Quesenbery was less concerned about South Carolina’s new touch-screen system than with the new telephone systems in Iowa and Nevada. South Carolina voters were used to voting on touch screens, she said, even if they were not very good. (Its legacy voting machines were being replaced for a range of age, security, performance and auditing concerns.) The same would hold true for other states deploying new touch-screen systems, she said.
“We have all gotten used to working on a screen and to be able to move through things,” Quesenbery said. “The other thing is that if you have a long list [of candidates], an alphabetical list makes some sense, because if you know you want to vote for Elizabeth Warren, and you can read English, you know where she’s going to be on the list.”
Chris Hayler, a partner with Stones’ Phones, the vendor creating the telephone-voting interface for Iowa and Nevada, said that his firm was programming options for voters to make some shortcuts in the virtual caucus process.
“We will enable coding so if you have voted as many preferences as you have, then you can basically stop and finish,” he said. “If you just wanted to caucus only for Bernie and nobody else, you could push their number. And as you start to begin the second round of your presidential preference voting, it would say, ‘This is your second round… if you don’t want to enter a preference or you’re done at any time, you can push or say 99, or whatever the number we program, so you can opt out.’”
Hayler estimated that it would take “five to ten minutes” for each virtual voter in 2020.
“It’s going to be read off alphabetically each time. So, ‘for Biden, press one,’ and it goes on like that, in the same number order each time,” he said. “Some folks will start to pick up on what their preferences are and they can enter their preference in advance of it. So, if in the second preference, they want to go with Elizabeth Warren, and then wrote down that she is number 22, or whatever it is, then they can just push in or say ‘22.’ And after each time they indicate a preference, we will read back that preference and ask them to confirm it, just to make sure that it is right.”

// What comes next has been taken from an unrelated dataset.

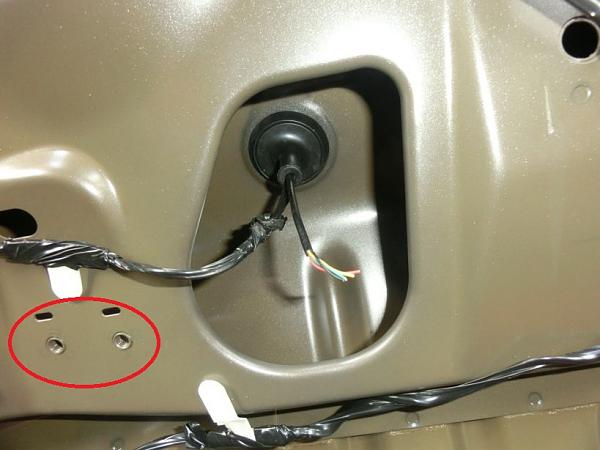 Where to connect the ground wire for an amp in the rear-cimg1021.jpg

If people struggled with the telephone system, they could call a help-desk number and would be directed to Iowa or Nevada state party offices, he said.

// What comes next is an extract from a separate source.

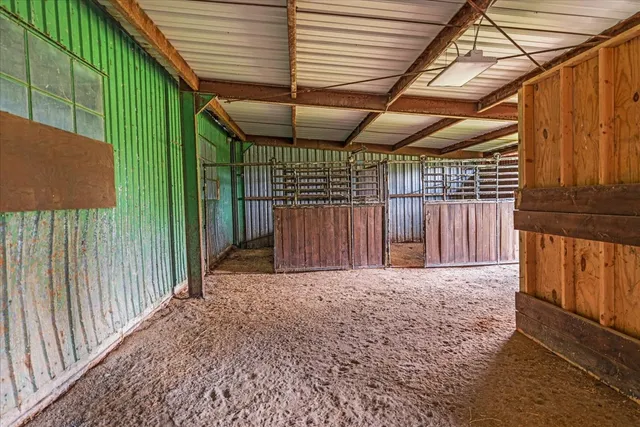 $575,000 | 183 Prairie Plains Road, Hillsboro, TN 37342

There was no doubt that the ballot order could help or hurt certain contenders in 2020’s early contests, Quesenbery said. But such order effects occur when the voting system is working properly and easy to use, she said, raising her other expertise, usability issues. It was essential that Iowa and Nevada tested their virtual systems and planned for well-staffed help desks to deal with the ‘customer service’ problems that likely will arise.

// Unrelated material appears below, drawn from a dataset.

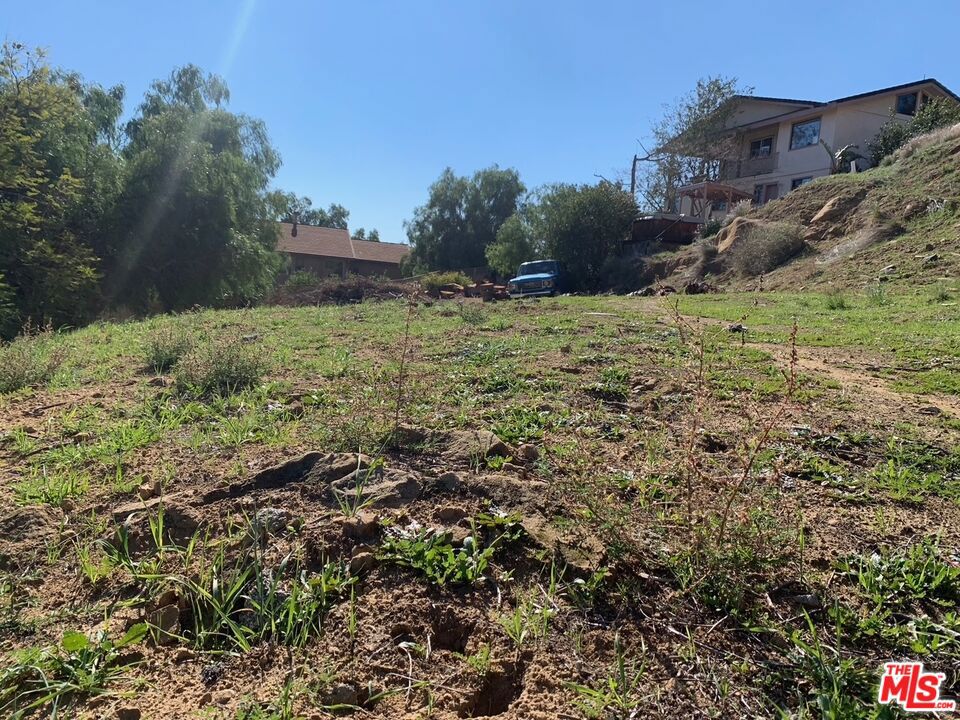 207 S La Gross Way Property Photo 1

“Errors that are big enough to have an impact on an election show up pretty easily,” she said, adding that relatively small-scale tests would reveal problems, especially for “people with low literacy, people who are not digitally savvy, [and] people who don’t speak English very well.” Otherwise, “it is like jumping off of a diving board and hoping someone has filled the pool.”
But even if deploying virtual voting in Iowa and Nevada, and new touch screens in South Carolina, work without any user issues, the large pool of Democratic hopefuls means that some candidates will face advantages or disadvantages due to the ballot order. And they will only have the alphabet to blame.